A computer assisted real-time (cart) reporter provides a word-to-text service for the deaf and hearing-impaired, usually in a meeting or university lecture environment. These words are projected onto a laptop or a larger screen via a data projector. Real-time reporting is also used in the courts, Hansard and business environments to provide instantaneous translation.

Court Recorder

A court recorder using digital equipment, records the proceedings at various courts of law (the family, civil, criminal, arbitration and industrial courts) or at Royal Commissions, enquiries and public hearings. Sound is recorded and notes of the main events are taken.

Court Reporter

A court reporter uses computer-aided transcription (CAT) technology to provide transcripts to courts and tribunals. These transcripts are displayed instantly on computers in the hearing room or to computers anywhere in the world via the internet.

Hansard Reporter

A hansard reporter records the daily proceedings in the chambers of state, territory and federal parliaments, and in their committees and ministerial conferences.


A stenocaptioner produces online captions (or subtitles) of spoken word, environmental sounds (laughter, for example) and song lyrics in real time for television programming using a stenotype machine.

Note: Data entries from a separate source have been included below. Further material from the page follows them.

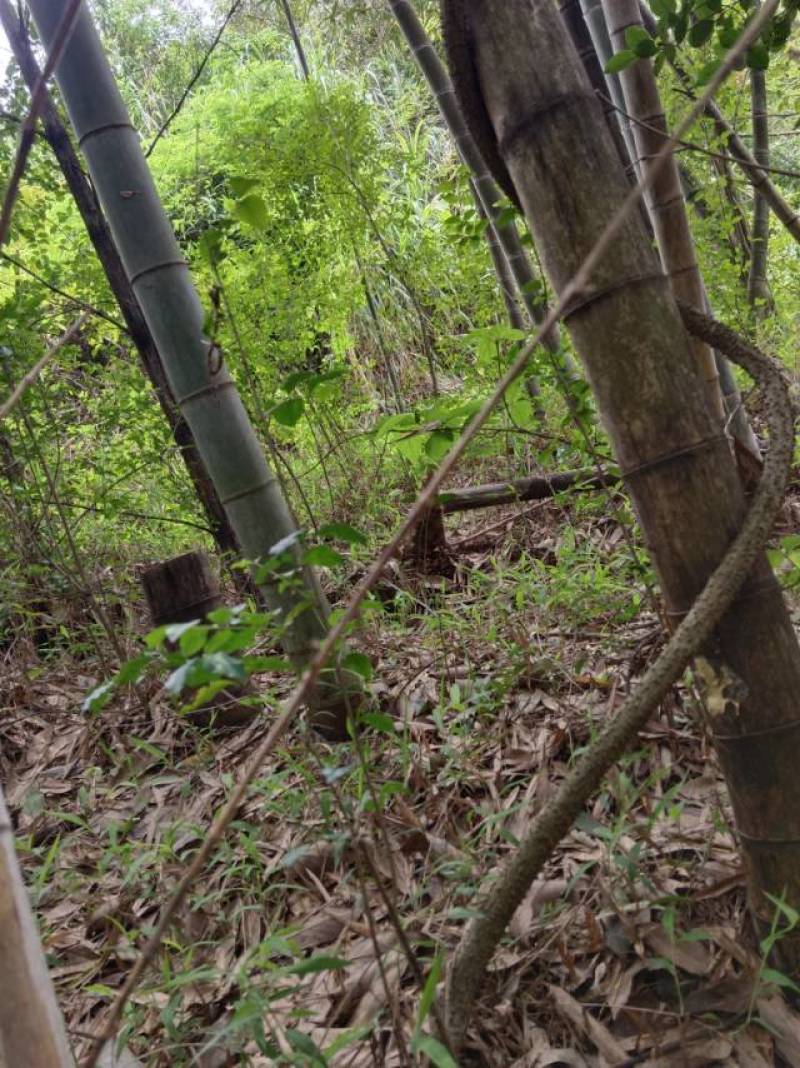 新鲜龙岩毛竹，天然无污染，绿色健康，适合手工艺，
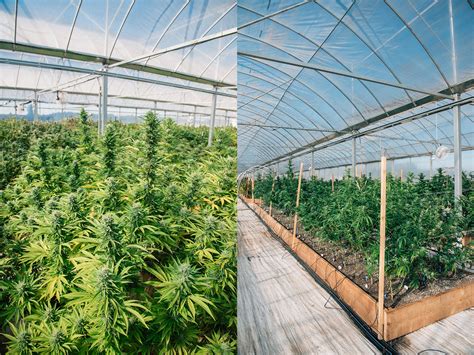 Cannabis Greenhouse Experience At Ba Botanicals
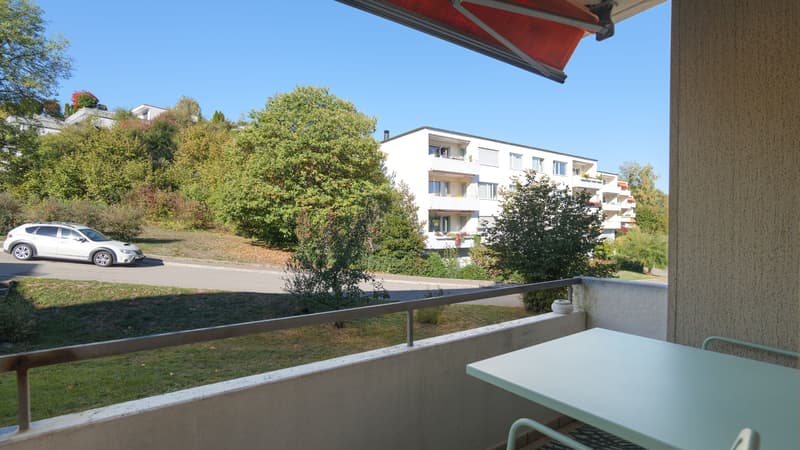 Gemütliche 3.5-Zimmer-Wohnung in Baden (8)
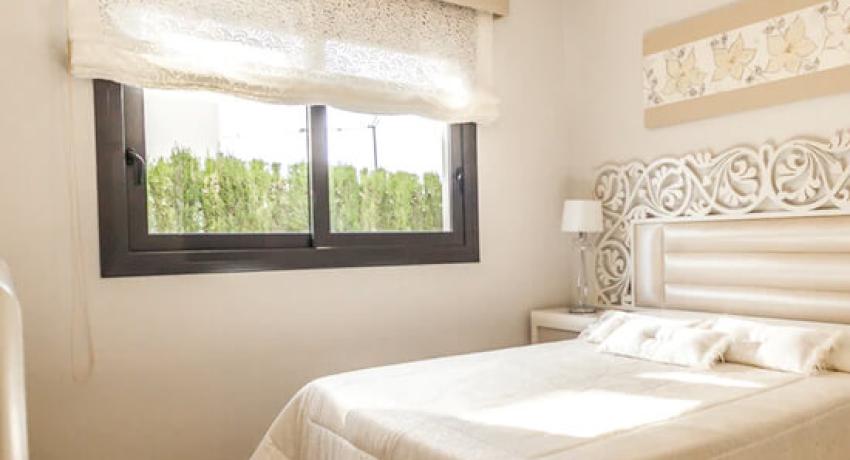 Executive Rooms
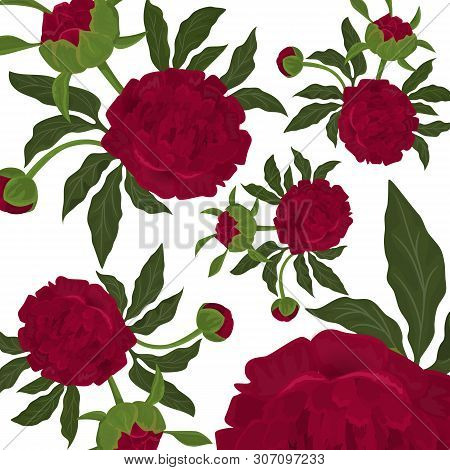 Abstract Seamless Pattern With Isolated Red Roses Or Piony, Buds And Green Leaves On White Backgroun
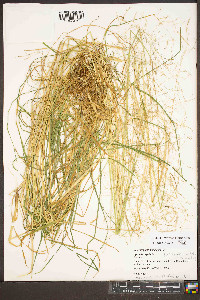 Agrostis capillaris image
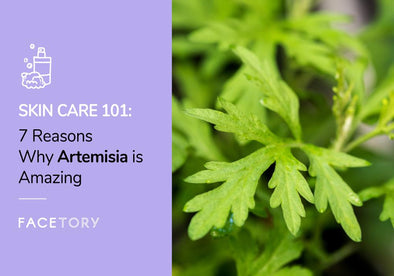 7 Reasons Why Artemisia is Amazing!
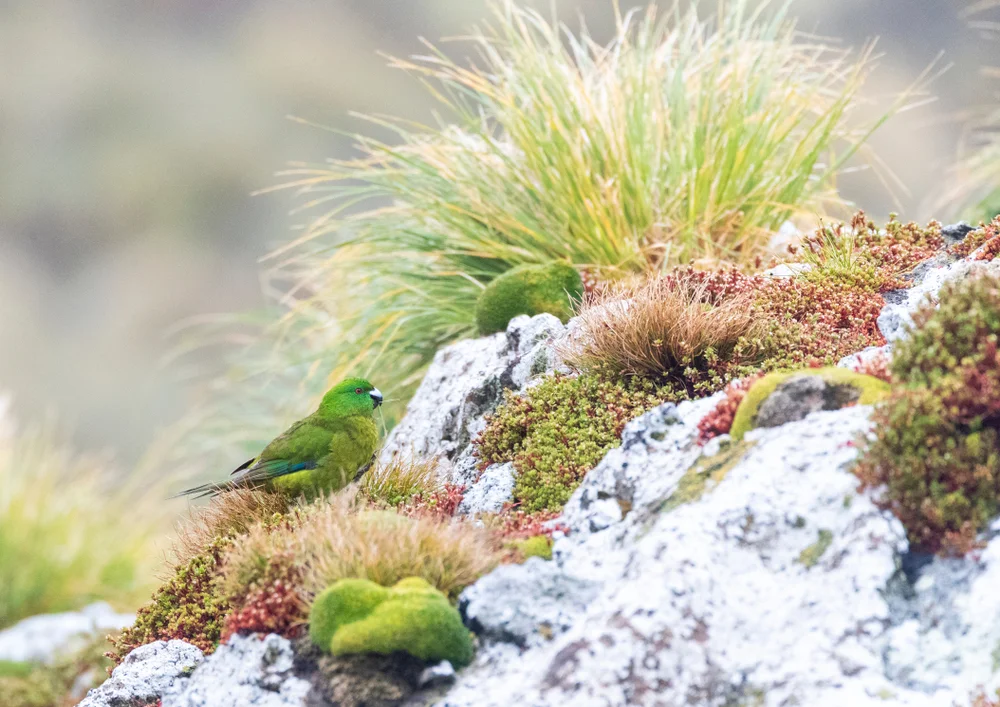 Gelbfrontkakariki (Cyanoramphus unicolor)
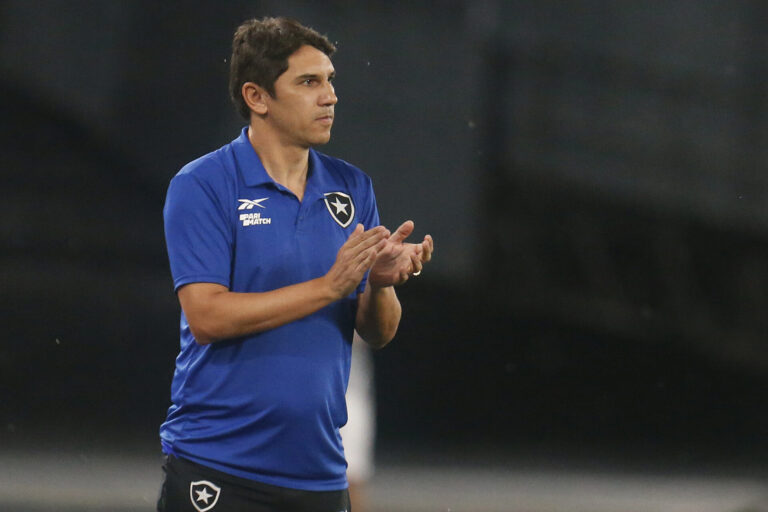 Botafogo tem rendimento de rebaixado no returno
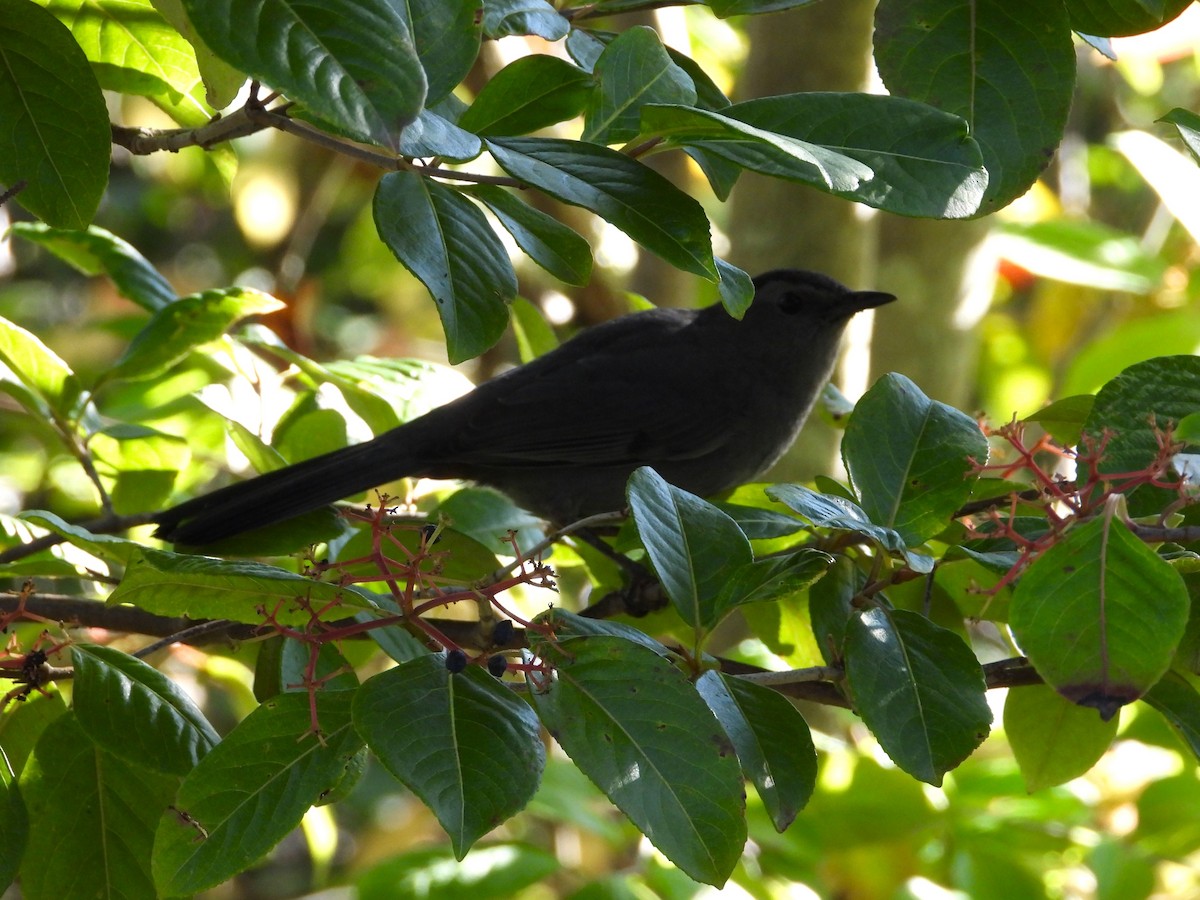Gray Catbird - ML642682031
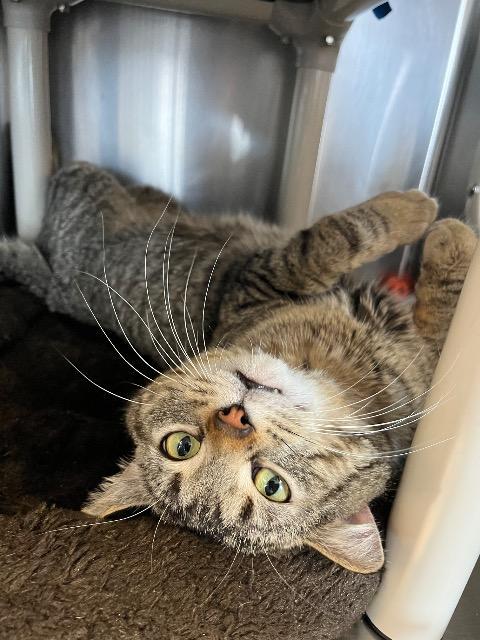 Enlarge Stanley, a Adopted Domestic Short Hair in Barron, WI image 5/6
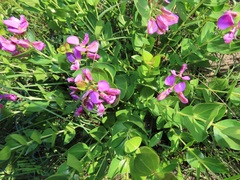 Polygala macowaniana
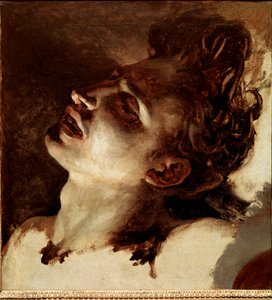Testa di un giovane morto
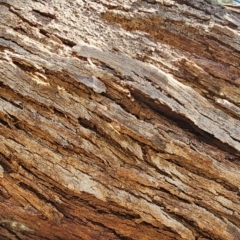 Eucalyptus nicholii at Florey, ACT - 22 Jan 2024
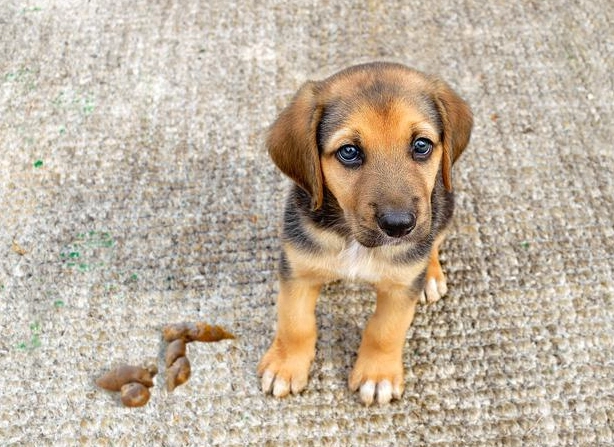 is dog diarrhea an emergency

The transcription (in captions) then becomes part of the television broadcast.

Stenograph reporters producing transcripts in real time need a shorthand speed of at least 200 words per minute.

Court recorders and court reporters usually work during court hours. Hansard (parliament) reporters work long, irregular hours.

Stenocaptioners work shifts to cover television programming, usually at the originating television station's premises. Computer assisted real-time (CART) reporters work in different locations, such as courtroom, university campuses, or at conference.